This Place, The Right Place.
This is the second Staymore novel I have read and I’m both intrigued and bewildered. It follows the story of Diana, recently graduated from a top college, and Day, the teenage boy who channels Daniel Lyam Montross,( a local no-good who died years before). They run away together to visit the lost villages where Daniel had stayed eighty years previously.
Diana’s businessman father employs G, a washed up college lecturer, to find out what happened to them after the ending of the previous novel ( Lightning Bug.) Most of the story is told by G ( who is Donald Harington in every respect apart from his name.) He tracks the two runaways from one abandoned village to another, trying to tease out the reason for their long, and apparently pointless journey.
And that is just about the whole story.

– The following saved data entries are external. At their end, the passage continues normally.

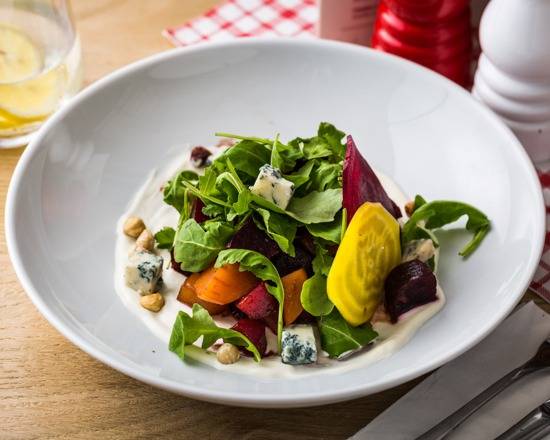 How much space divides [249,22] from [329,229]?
113cm

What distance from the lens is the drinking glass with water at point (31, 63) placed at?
217cm

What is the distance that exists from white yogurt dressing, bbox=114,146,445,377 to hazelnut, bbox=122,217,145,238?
0.05 ft

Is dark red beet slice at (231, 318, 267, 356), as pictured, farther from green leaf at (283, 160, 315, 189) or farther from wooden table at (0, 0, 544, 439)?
green leaf at (283, 160, 315, 189)

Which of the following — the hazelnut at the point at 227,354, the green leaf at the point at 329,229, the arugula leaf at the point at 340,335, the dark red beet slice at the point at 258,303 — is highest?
the green leaf at the point at 329,229

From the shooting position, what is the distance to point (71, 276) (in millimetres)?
1750

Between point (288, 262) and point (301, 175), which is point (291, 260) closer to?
point (288, 262)

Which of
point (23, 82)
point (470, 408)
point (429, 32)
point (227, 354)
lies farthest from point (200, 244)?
point (429, 32)

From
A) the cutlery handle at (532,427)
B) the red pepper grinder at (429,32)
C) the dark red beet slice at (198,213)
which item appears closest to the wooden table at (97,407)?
the cutlery handle at (532,427)

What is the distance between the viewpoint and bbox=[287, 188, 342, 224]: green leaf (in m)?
1.64

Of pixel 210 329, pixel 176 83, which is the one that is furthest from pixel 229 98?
pixel 210 329

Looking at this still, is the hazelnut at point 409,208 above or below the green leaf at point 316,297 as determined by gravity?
below

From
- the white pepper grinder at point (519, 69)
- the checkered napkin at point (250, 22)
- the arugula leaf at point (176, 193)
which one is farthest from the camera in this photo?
the checkered napkin at point (250, 22)

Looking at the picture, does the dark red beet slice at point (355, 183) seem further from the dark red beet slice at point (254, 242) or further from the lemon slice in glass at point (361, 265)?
the dark red beet slice at point (254, 242)

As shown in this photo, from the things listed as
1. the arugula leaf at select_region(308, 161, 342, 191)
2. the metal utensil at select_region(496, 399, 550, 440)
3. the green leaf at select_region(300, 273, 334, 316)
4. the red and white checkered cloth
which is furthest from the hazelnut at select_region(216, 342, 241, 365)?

It’s packed with all kinds of literary references- Diana and Day as Adam and Eve trying to get back to Eden, Daniel Lyam Montrose as either God ( who is running the whole show) or the Devil ( I can’t make up my mind which)- and G the lecturer, allergic to everything except whisky, who is trying to make sense of it all.
“ This Place, The Right Place” is about all kinds of things – Arkansan dialect, village life, sex ( lots of sex) but more than that, this is a book about the nature of the novel. When you read a good novel, how real are the characters ? How real are the characters to each other ? Or the author ? Do we , each one of us, have a tangible reality, or are we all just a summary of how everyone else sees us ?
Is there a clearcut border between the writer and the people he creates ? Or do they create him?
This book, like the one before it, has a long literary ancestry. You can find Laurence Sterne here, James Joyce for wordplay, Dickens for intricate plotting, Chaucer for coarse humour and sex and Melville for mind boggling weirdness. Oh- and Pirandello for theatricality.
Did I enjoy it ? Well it all depends on what “it” is and who I am doesn’t it- there – you see -the damn thing is infectious.
It’s a great book. And I shall read it again sometime.
But not yet. I need something simple, like the telephone directory.
Lots of characters. Not much plot though. Never mind.